# Finished up a few last week.



## chuck richards (Feb 1, 2010)

Finished up a few last week for a couple shows I am doing.

First is a big Chopper with a W2 blade, stainless and silicon bronze guard and canvas micarta handle. A real brush buster.










Next a Bowie/Fighter in W pattern damascus with a hot wax finish and heat textured wrought iron guard and Stabilized redwood burl handle.

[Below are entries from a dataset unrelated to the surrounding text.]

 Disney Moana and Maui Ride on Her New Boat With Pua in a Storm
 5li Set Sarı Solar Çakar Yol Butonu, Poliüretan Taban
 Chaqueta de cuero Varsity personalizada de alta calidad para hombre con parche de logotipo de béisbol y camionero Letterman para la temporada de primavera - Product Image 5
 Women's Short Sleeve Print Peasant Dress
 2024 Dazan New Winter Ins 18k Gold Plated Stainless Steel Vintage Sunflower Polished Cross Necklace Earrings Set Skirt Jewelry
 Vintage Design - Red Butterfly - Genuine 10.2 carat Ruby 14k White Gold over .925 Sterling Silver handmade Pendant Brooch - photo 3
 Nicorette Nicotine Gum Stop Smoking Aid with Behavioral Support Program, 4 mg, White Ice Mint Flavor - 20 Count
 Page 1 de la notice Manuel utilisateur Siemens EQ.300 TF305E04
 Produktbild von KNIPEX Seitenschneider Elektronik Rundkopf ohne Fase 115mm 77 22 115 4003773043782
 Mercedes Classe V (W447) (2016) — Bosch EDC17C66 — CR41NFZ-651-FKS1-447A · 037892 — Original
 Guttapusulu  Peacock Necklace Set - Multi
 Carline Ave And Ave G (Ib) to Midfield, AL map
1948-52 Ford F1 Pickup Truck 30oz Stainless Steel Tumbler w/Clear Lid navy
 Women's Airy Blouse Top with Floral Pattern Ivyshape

And finally a nice little Hunter Utility with Turkish Twist Damascus, again hot wax wrought guard and stainless and coined copper spacer. Handle is stabilized fiddle back maple.


----------



## prairiewolf (Feb 19, 2012)

Very nice work, I really like the last one !


----------



## chuck richards (Feb 1, 2010)

That one is a beauty. Thanks


----------



## hassell (Feb 9, 2010)

My Oh My such beautiful work, the last one also peaks my interest. Thanks for sharing.


----------



## catcapper (Feb 11, 2010)

Very nice work Mr. Richards. :thumbsup:

awprint:


----------



## youngdon (Mar 10, 2010)

Congrats on the award Chuck ! Between the blade and the redwood burl that Bowie fighter is wild. Excellent work on all three.


----------



## OHIOOutdoors2 (May 1, 2013)

I have been wanting to know this for a while. How much would a custom blade like one of the three above run a fellow? Beautiful work by the way!


----------



## youngdon (Mar 10, 2010)

http://acrichardscustomknives.com

Check out his site


----------



## dwtrees (Mar 5, 2012)

WOW..............Those are simply amazingly beautiful works of art.

Are they for sale?


----------



## Ruger (Jan 22, 2011)

Awesome!!!!!!


----------



## chuck richards (Feb 1, 2010)

dwtrees said:


> WOW..............Those are simply amazingly beautiful works of art.
> 
> Are they for sale?


I do sell them. The Chopper and the Hunter are already sold but I can always make another. If you are interested you can PM me or email at woodchuckforge at gmail dot com

Thank you all for the feedback


----------



## jimmy shutt (Jun 2, 2013)

works of art, very nice Chuck


----------



## azpredatorhunter (Jul 24, 2012)

Nice and nice...


----------



## glenway (Mar 27, 2011)

The redwood burl on the Damascus fighter is a great match.


----------



## NattyB (Jan 5, 2012)

Wow. Nice pieces. Curly maple always finishes nice.


----------